Dieses Problem betrifft nicht nur Monte dei Paschi. Die Banken haben in Italien Schulden in Höhe von 240 Milliarden Euro aufgenommen. Bankkunden, die eine gewisse Rendite wollten, sagte man, dass das eine sichere Möglichkeit sei, gute Kapitalerträge zu erzielen. Viele haben ihrer örtlichen Bank vertraut. Genau diese treuen Kunden sind nun allerdings die ersten, die ihr investiertes Kapital verlieren, wenn die betreffenden Banken bankrott gehen. Und das ist derzeit eine reale Gefahr. Ich werde später noch einiges zu den praktischen Aspekten einer Strategie sagen, bei der man sich von ganz normalen Bürgern eine Kapitalsumme leiht, die 12% des BIP entspricht. In den USA wären das 2,2 Billionen Dollar. Stellen Sie sich einmal vor, die durchschnittlichen US-Bürger der Mittelschicht würden 2,2 Billionen Dollar verlieren, und dann stellen Sie sich vor, welche politische Reaktion das auslösen würde. Auf diese Gegenreaktion werden wir gleich zurückkommen.


Ein nicht regierbares Schlamassel

Diese Schwierigkeiten tragen wesentlich zur politischen Dysfunktionalität des Landes bei. Wirtschaftliche Schwäche ist die Folge einer sklerotischen, vielschichtigen Regierung, der es leicht fällt, Geld auszugeben, aber sehr schwer, etwas anderes zu tun. Das Ergebnis dessen sind eine Bürokratie, die den Handel erdrückt, und gigantische Staatsschulden, die das Wirtschaftswachstum ausbremsen. Einer der Hauptgründe für die hohe Arbeitslosigkeit in Italien liegt in der schwachen und chaotischen Staatsführung. Die Rettung der Banken wird den Schuldenberg zusätzlich erhöhen, aber die Alternativen sind womöglich noch schlechter als ein Bail-out.

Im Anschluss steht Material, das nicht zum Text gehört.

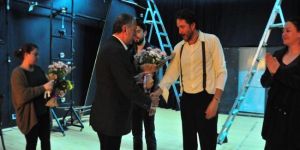 “Ben Feuerbach” Girne’de sahnelendi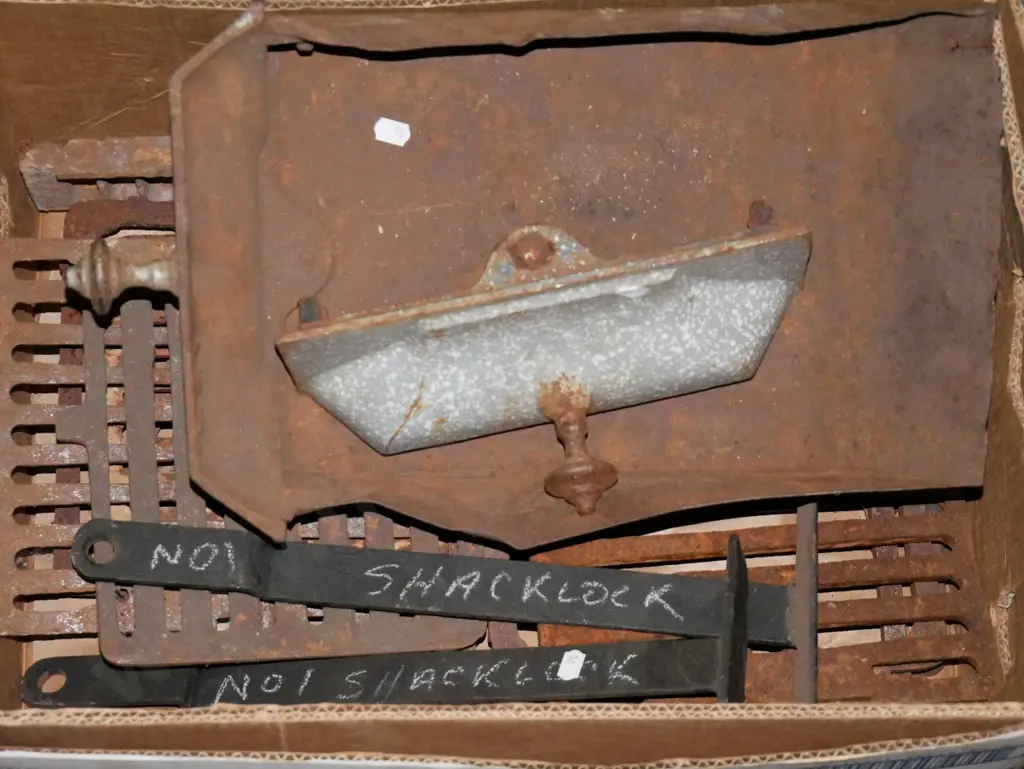 box; Shacklock No. 1 stove parts Image 1++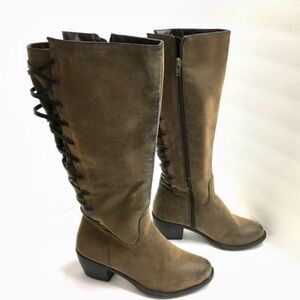 Nicole Women’s Brown Boots 5.5 M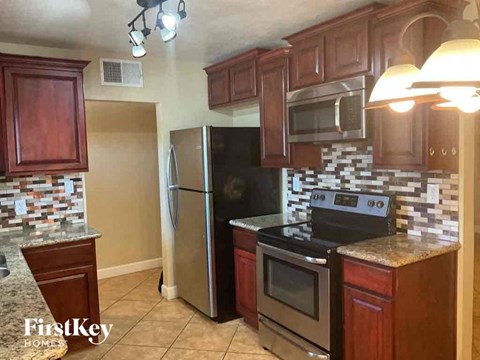 2204 W Nicolet Ave 4 Beds Apartment for Rent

Das italienische Schuldenproblem ist nichts Neues. Als das Land die europäische Gemeinschaftswährung einführte, konnten die Italiener auf staatlicher und individueller Ebene von den niedrigen Zinsen profitieren, also nahmen sie mehr Schulden auf. Das Problem ist nun, dass der Staat die Währung nicht länger abwerten kann, um sich einen Weg aus dem Schuldensumpf zu bahnen. Italien hat ein enormes - und ich meine ein wirklich enormes - Handelsdefizit gegenüber Deutschland und dem Rest Europas.

Gleichzeitig fließen Bankeneinlagen und Kapital in riesigen Mengen aus dem Land heraus. Gemessen werden diese Kapitalströme mit Hilfe der TARGET2-Bilanzen. Die Target2-Bilanz von Italien zeigt im Grunde genommen, wie viel Geld das Land verlässt und in andere Staaten des Eurosystems fließt. Ich sollte noch hinzufügen, dass der untenstehende Chart zwar die jüngsten Daten beinhaltet, aber nicht die Zahlen, die wir hinter vorgehaltener Hand gehört haben und die den Chart noch schlechter aussehen lassen würden. Außerdem darf man nicht vergessen, dass seit der Veröffentlichung des EZB-Diagramms im September die Präsidentschaftswahlen in den USA stattfanden und es zu weiteren politischen Verschiebungen kam. Zudem geht es für den Euro immer weiter abwärts.